Worum geht es bei diesen Pflichten? Es geht eigentlich um einen
Grundbestand an scheinbaren Selbstverständlichkeiten. Aber
leider sind sie nicht überall selbstverständlich. Die in
der Charta aufgezählten Pflichten und moralischen Werte
spiegeln bereits existierende Grundwerte wider, die in einer
Vielzahl europäischer und weltweiter Übereinkünfte
fest verankert sind. Zu diesen Übereinkünften zählt
etwa die europäische Menschenrechtskonvention von 1950 oder
aber auch der Internationale Pakt über bürgerliche und
politische Rechte von 1966. Die darin formulierten Grundwerte sind
als Fundament der Menschenrechte gemeinsamer Bestandteil aller
Zivilisationen und Kulturen der Welt. Ich habe es daher sehr
begrüßt, dass die Charta auch Ihnen als Teilnehmer der
Konferenz vorgelegt und um Ihre Unterstützung geworben
wird.
Unsere OSZE-Normen und Standards im Bereich der Menschenrechte und
Grundfreiheiten sowie der Demokratie und Rechtsstaatlichkeit bilden
zusammen mit wirtschaftlicher Prosperität das wesentliche
Fundament für friedliche und stabile Verhältnisse im 21.
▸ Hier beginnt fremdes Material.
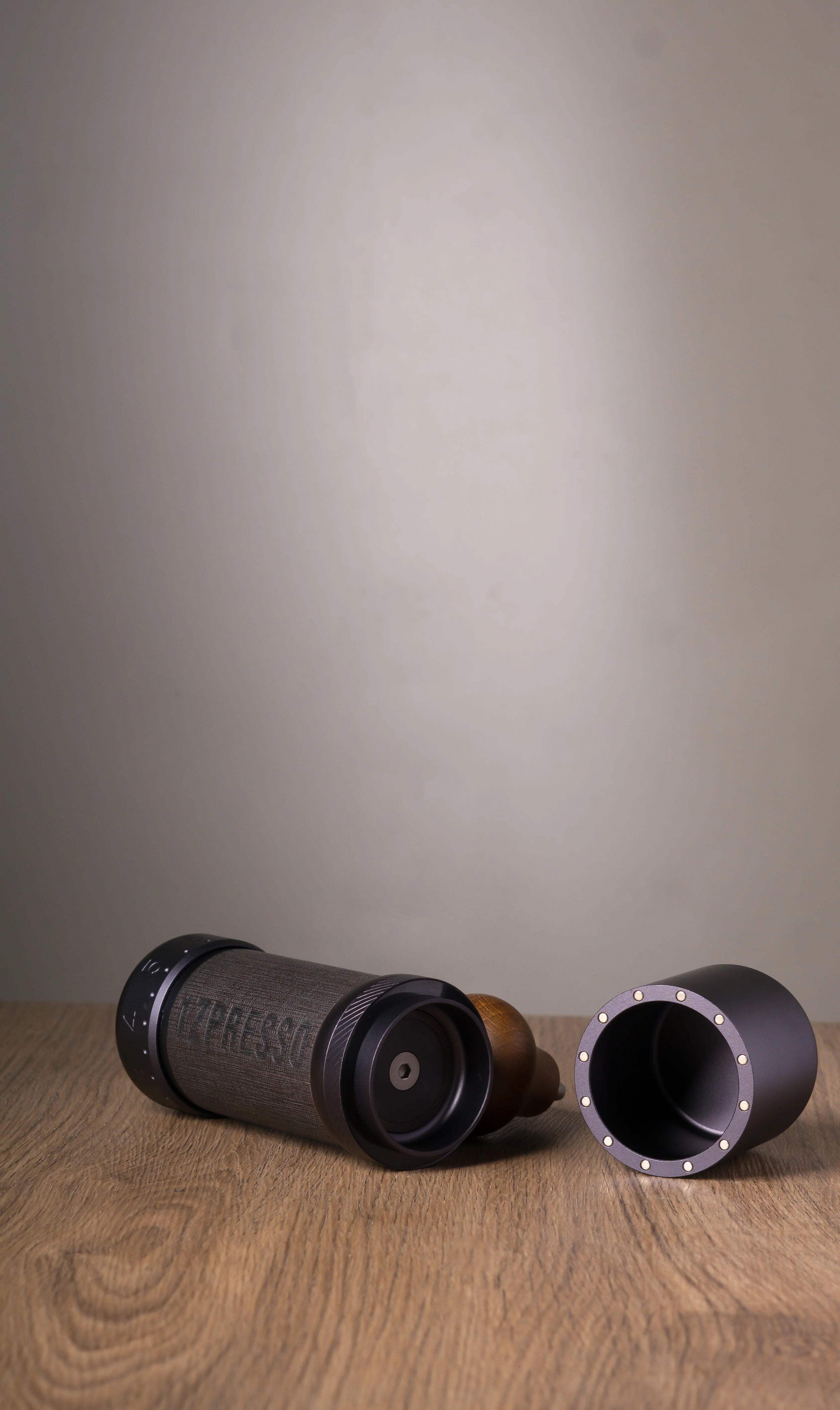 1Zpresso J-Ultra Manual Coffee Grinder - Image 7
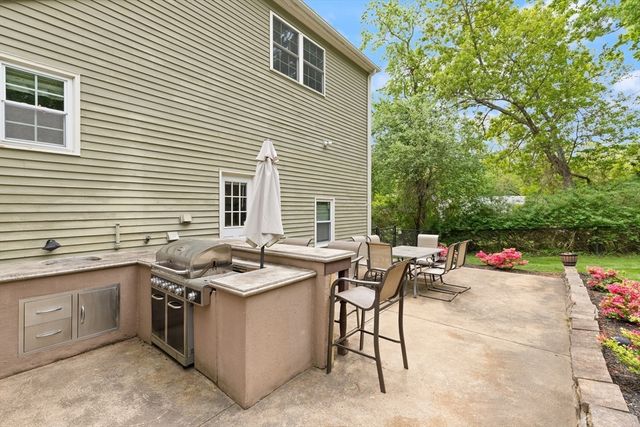 9 Highland, Stoughton, MA 02072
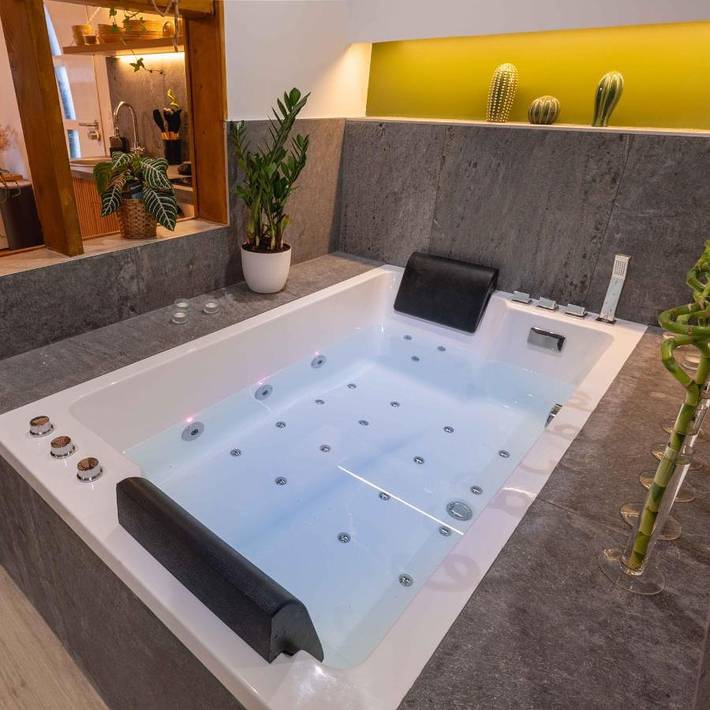 Gîte pour 2 personnes, avec jacuzzi ainsi que terrasse et jardin à Boutigny-sur-Essonne - 2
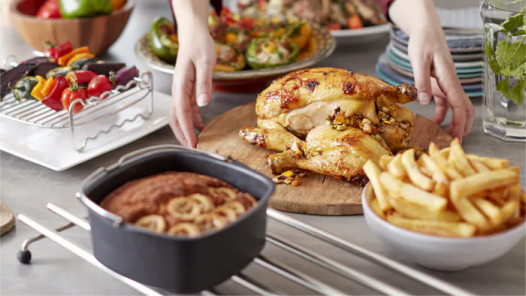 en mängd olika rätter gjorda i en Airfryer
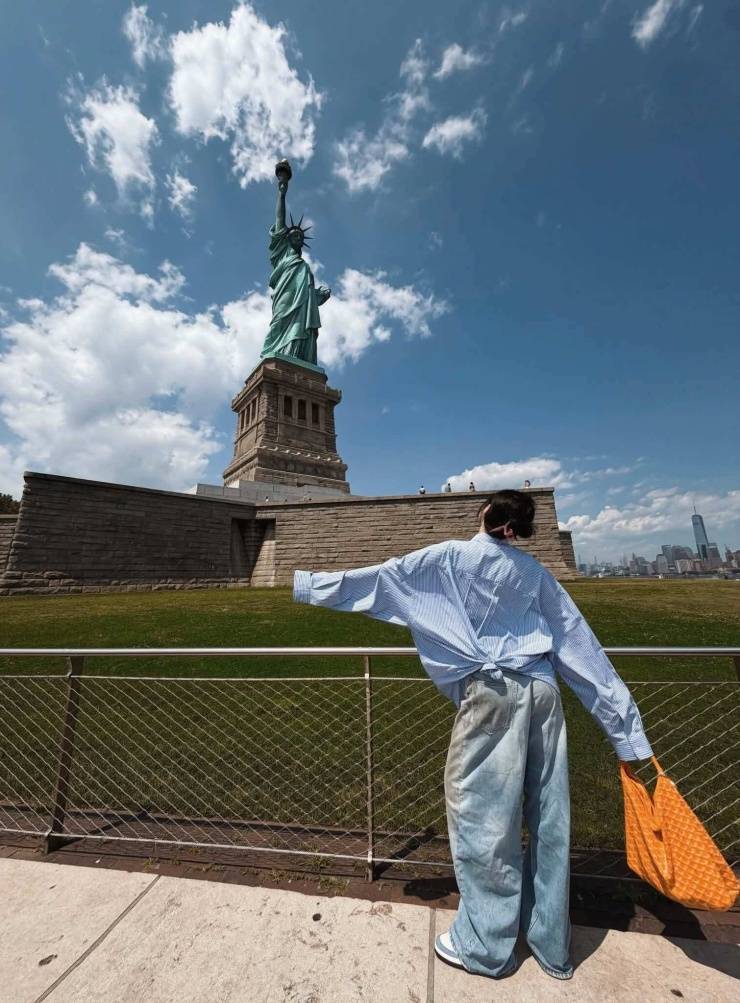 Hoa hậu Hương Giang gây chú ý trên đường phố New York - 2
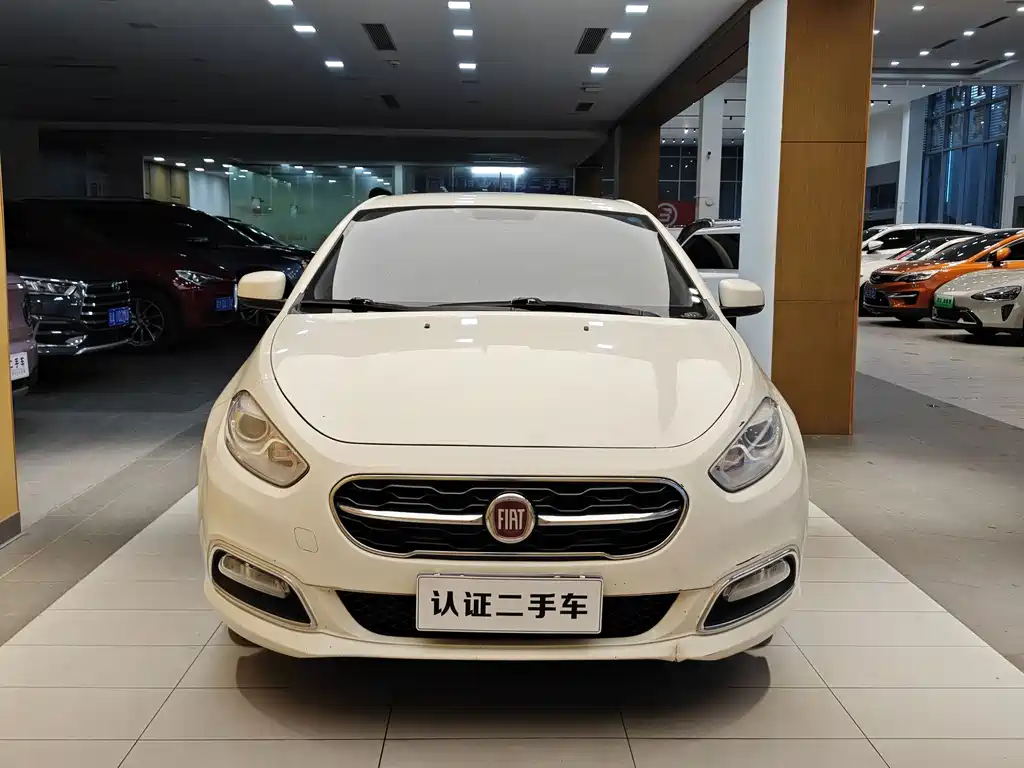 Fiat Viaggio 2015 1.4T AT Enjoy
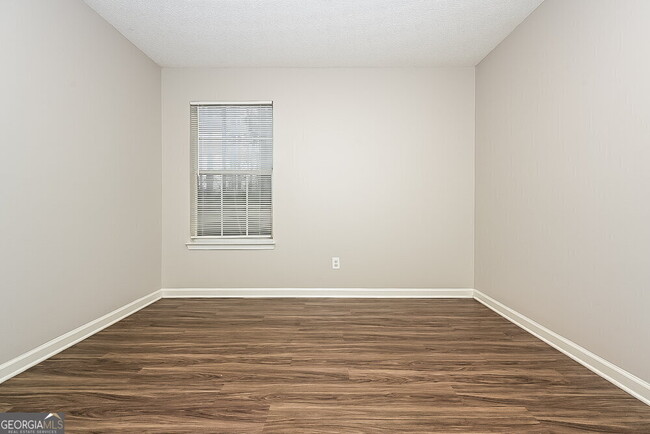 Building Photo - 236 Brandon Ridge Cir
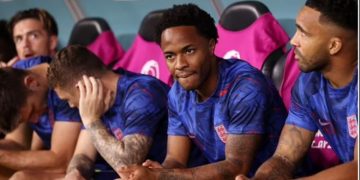 U largua nga Katar 2022, zbulohet arsyeja e mungesës së Sterling kundër Senegalit, familja e tij u grabit në Londër
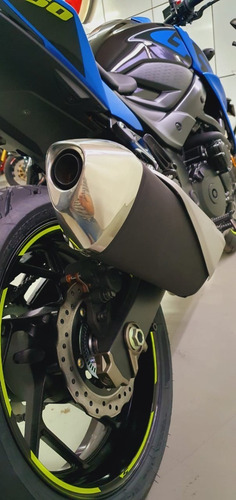 Imagen 12 de 21 de Suzuki Gsx 750, No Honda Cbr, 1000, No Yahaha R1, R6, Jp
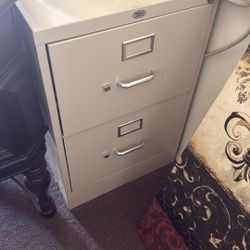 SMALL OFFICE DEPOT FILE CABINET 20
Jahrhundert. Lassen Sie uns gemeinsam dafür sorgen, dass von
der 11. Jahrestagung der Parlamentarischen Versammlung der OSZE und
ihrer "Berliner Erklärung" eine klare Botschaft gegen
Fanatismus, Terrorismus und Unmenschlichkeit und für die
Werte, denen wir uns vor 25 Jahren in Helsinki verpflichtet haben,
ausgeht. Ich erinnere an dieser Stelle an den unvergessenen
schwedischen Premier Olaf Palme: "Meine Hoffnung ist, dass die
Zukunft Europas auf der Grundlage der Ideen geschaffen wird, die
der Demokratie und der sozialen Gerechtigkeit zugrunde liegen". Wir
sind diesem großen Wunsch heute näher als es Olaf Palme
damals war. Lassen Sie uns unbeirrt an diesem Kurs festhalten."